◆ **WHAT IS NEEDED**:
With images removed, return the whole listing exactly as written.

◆ **DATASET SECTION**:
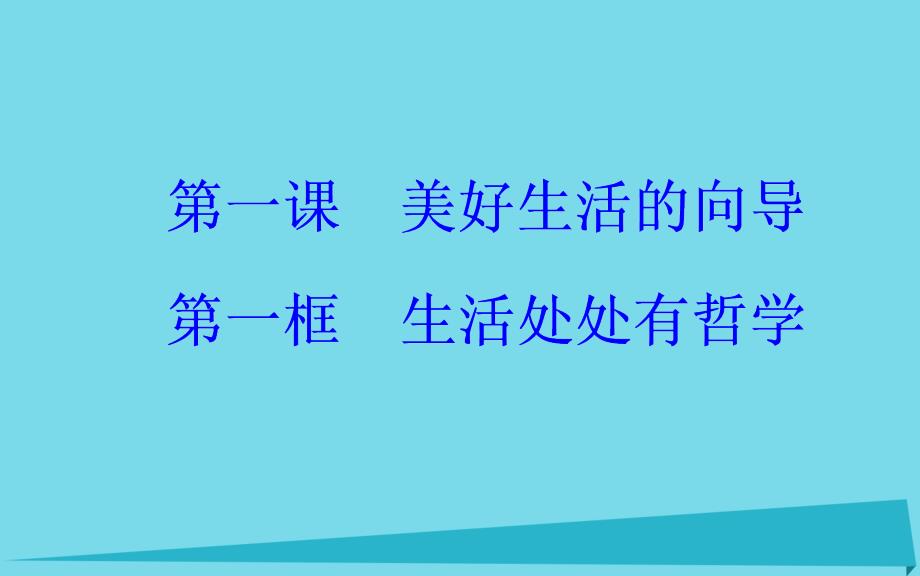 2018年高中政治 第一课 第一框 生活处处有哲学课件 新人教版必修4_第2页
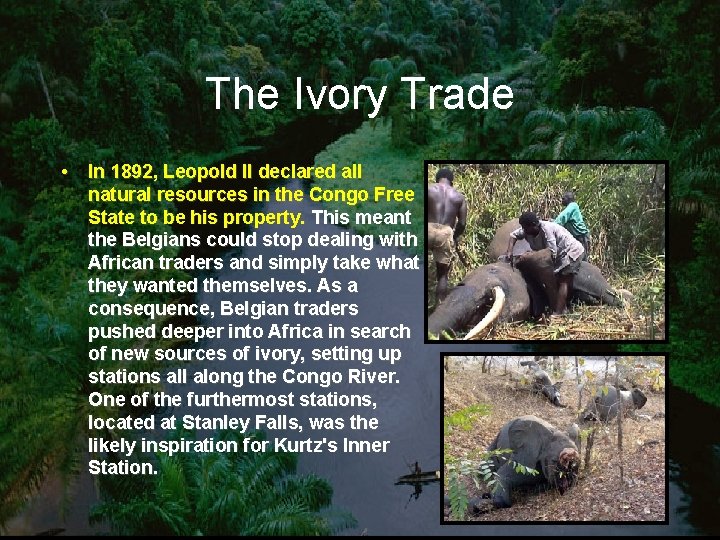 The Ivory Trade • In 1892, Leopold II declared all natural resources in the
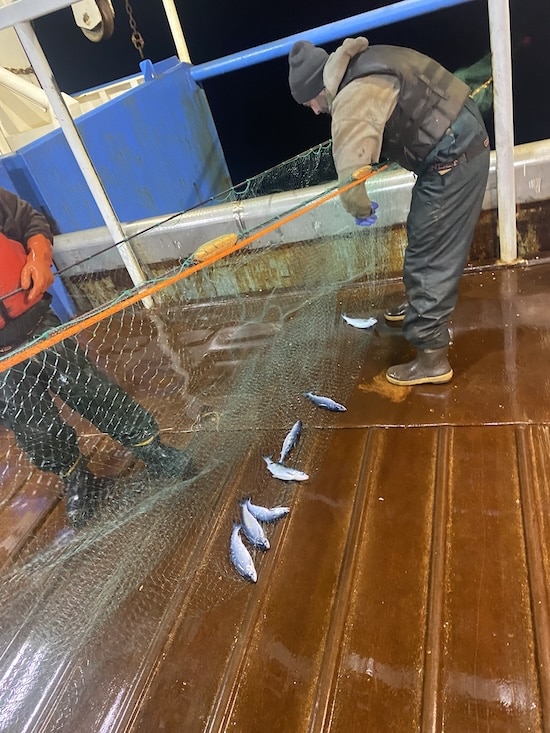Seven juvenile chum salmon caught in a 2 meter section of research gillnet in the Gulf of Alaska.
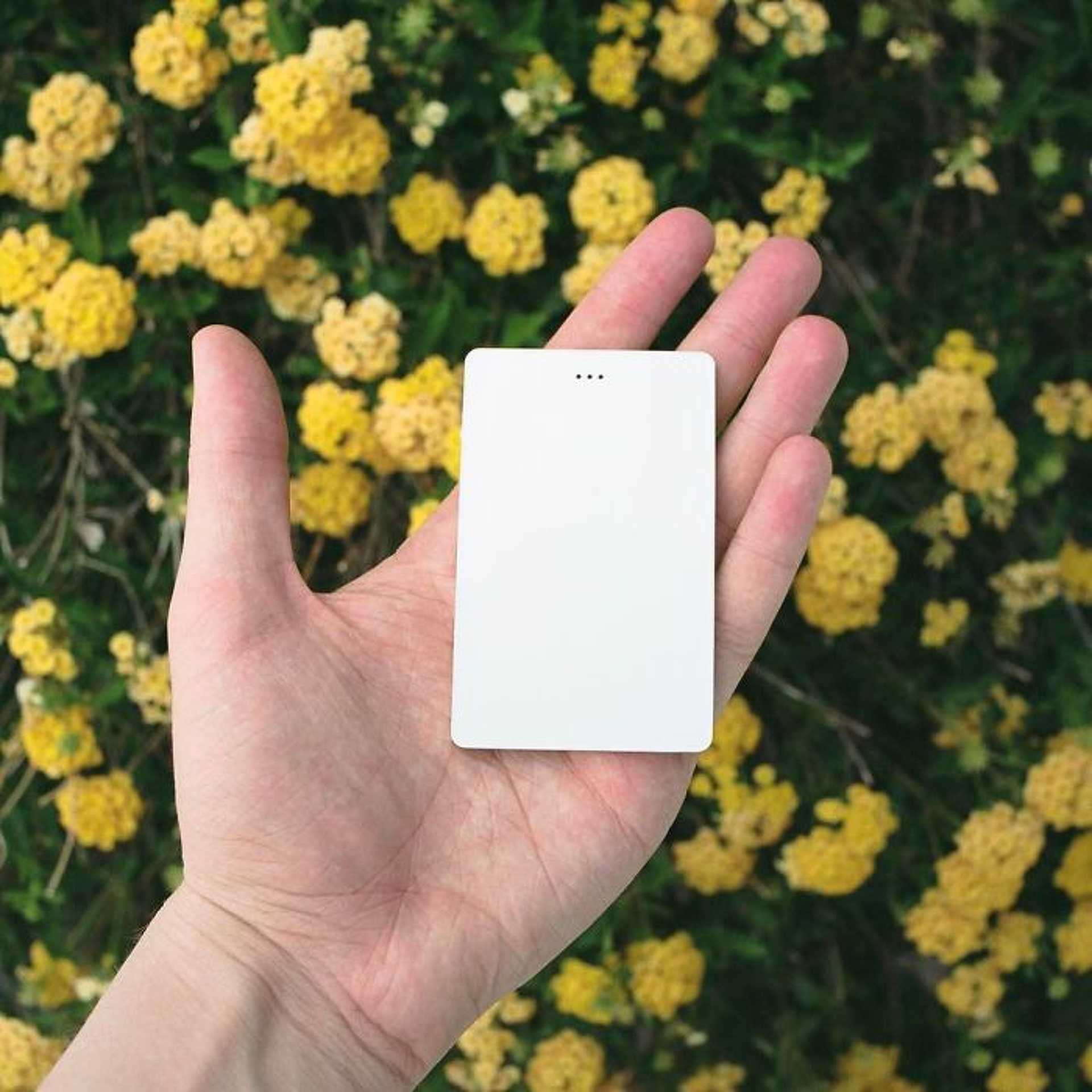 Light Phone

◆ **TASK SOLUTION**:
 2018年高中政治 第一课 第一框 生活处处有哲学课件 新人教版必修4_第2页
 The Ivory Trade • In 1892, Leopold II declared all natural resources in the
Seven juvenile chum salmon caught in a 2 meter section of research gillnet in the Gulf of Alaska.
 Light Phone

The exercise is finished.